== WHAT IS EXPECTED ==
A line below contains "National Geographic January", and a later one contains "Women's Bp. 67mm". Repeat both, with every line between them, exactly.

== SOURCE RECORDS ==
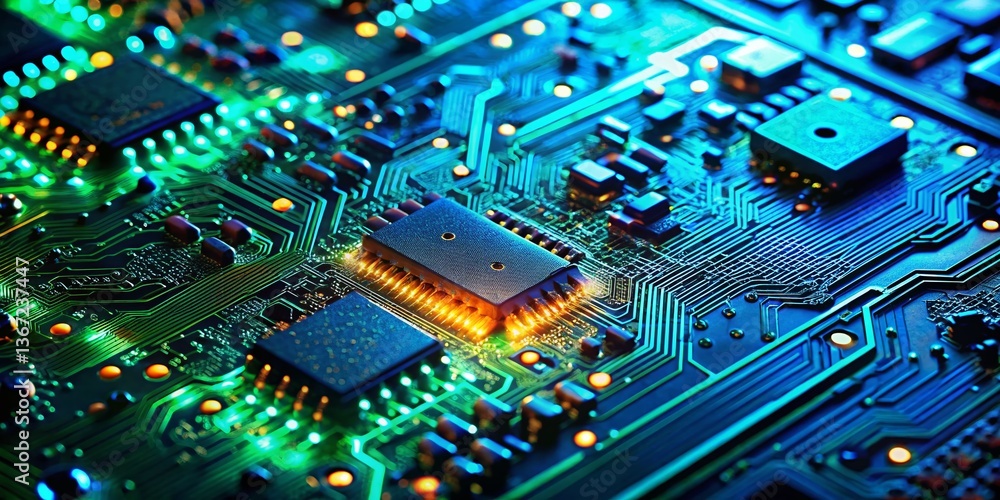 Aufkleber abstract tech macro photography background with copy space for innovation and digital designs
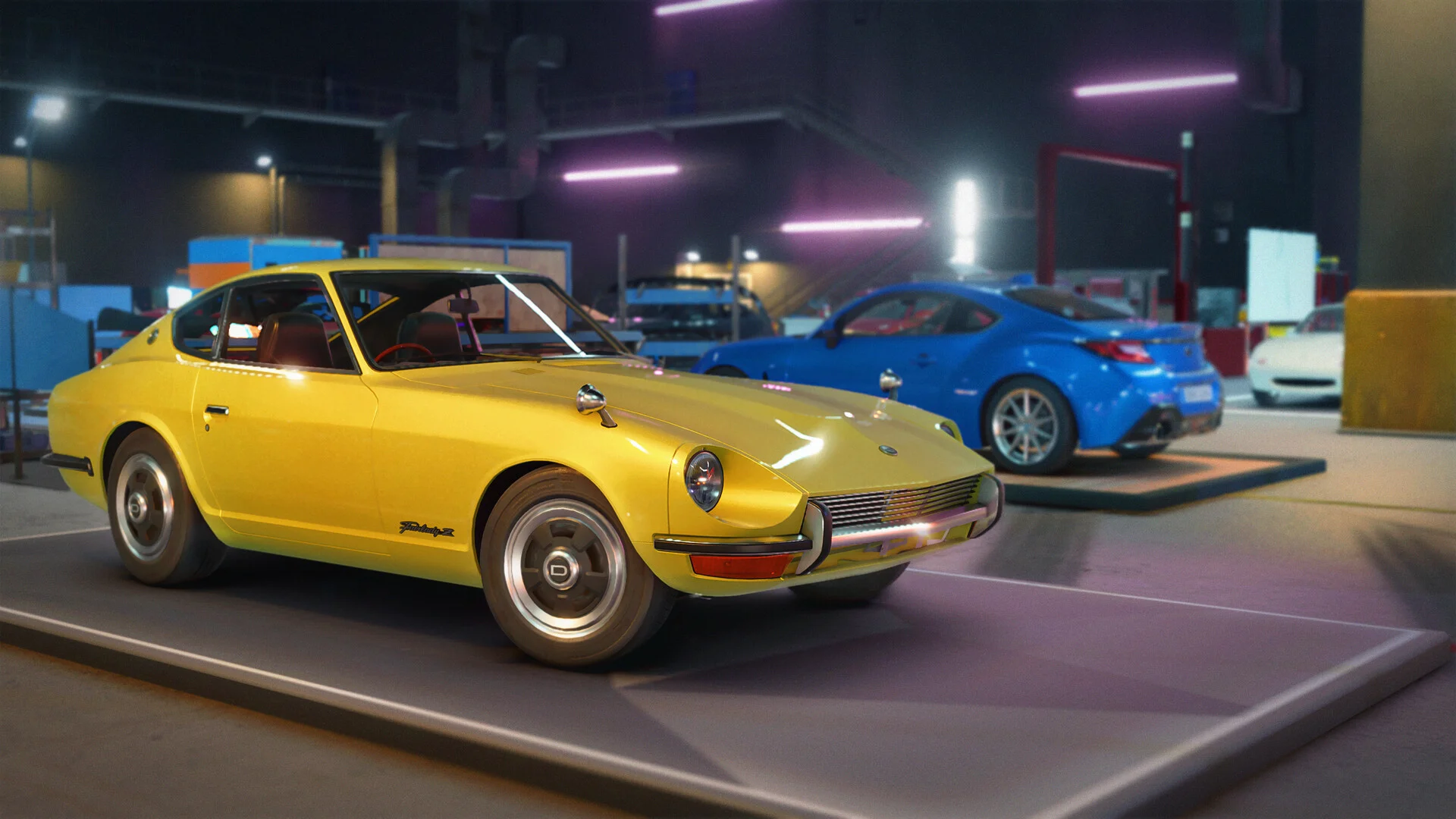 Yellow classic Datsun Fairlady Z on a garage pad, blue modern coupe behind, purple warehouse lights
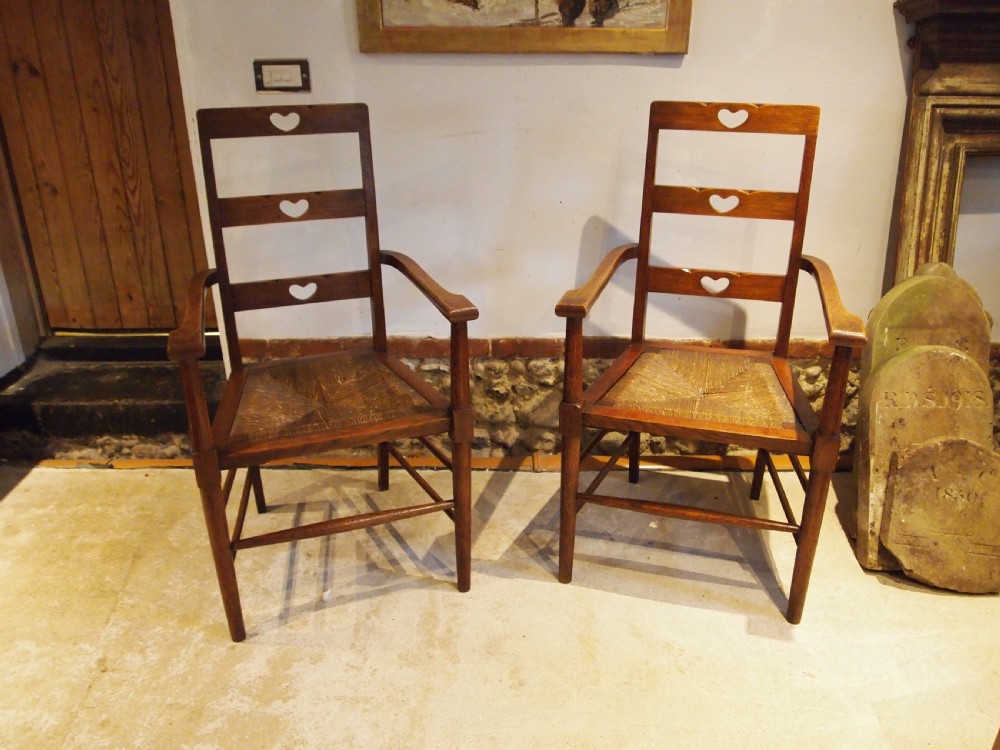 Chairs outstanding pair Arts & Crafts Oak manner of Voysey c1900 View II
* * *
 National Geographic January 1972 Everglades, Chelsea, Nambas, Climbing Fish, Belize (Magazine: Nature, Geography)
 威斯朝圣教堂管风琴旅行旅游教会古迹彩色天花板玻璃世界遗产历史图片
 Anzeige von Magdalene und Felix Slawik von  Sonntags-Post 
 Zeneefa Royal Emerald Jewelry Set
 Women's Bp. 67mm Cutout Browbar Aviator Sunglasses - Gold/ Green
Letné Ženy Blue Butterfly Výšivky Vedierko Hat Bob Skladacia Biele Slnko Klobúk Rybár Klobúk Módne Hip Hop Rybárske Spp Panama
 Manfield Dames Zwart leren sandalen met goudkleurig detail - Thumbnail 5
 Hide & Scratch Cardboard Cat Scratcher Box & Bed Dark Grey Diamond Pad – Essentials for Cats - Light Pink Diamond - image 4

== WRITTEN SOLUTION ==
 National Geographic January 1972 Everglades, Chelsea, Nambas, Climbing Fish, Belize (Magazine: Nature, Geography)
 威斯朝圣教堂管风琴旅行旅游教会古迹彩色天花板玻璃世界遗产历史图片
 Anzeige von Magdalene und Felix Slawik von  Sonntags-Post 
 Zeneefa Royal Emerald Jewelry Set
 Women's Bp. 67mm Cutout Browbar Aviator Sunglasses - Gold/ Green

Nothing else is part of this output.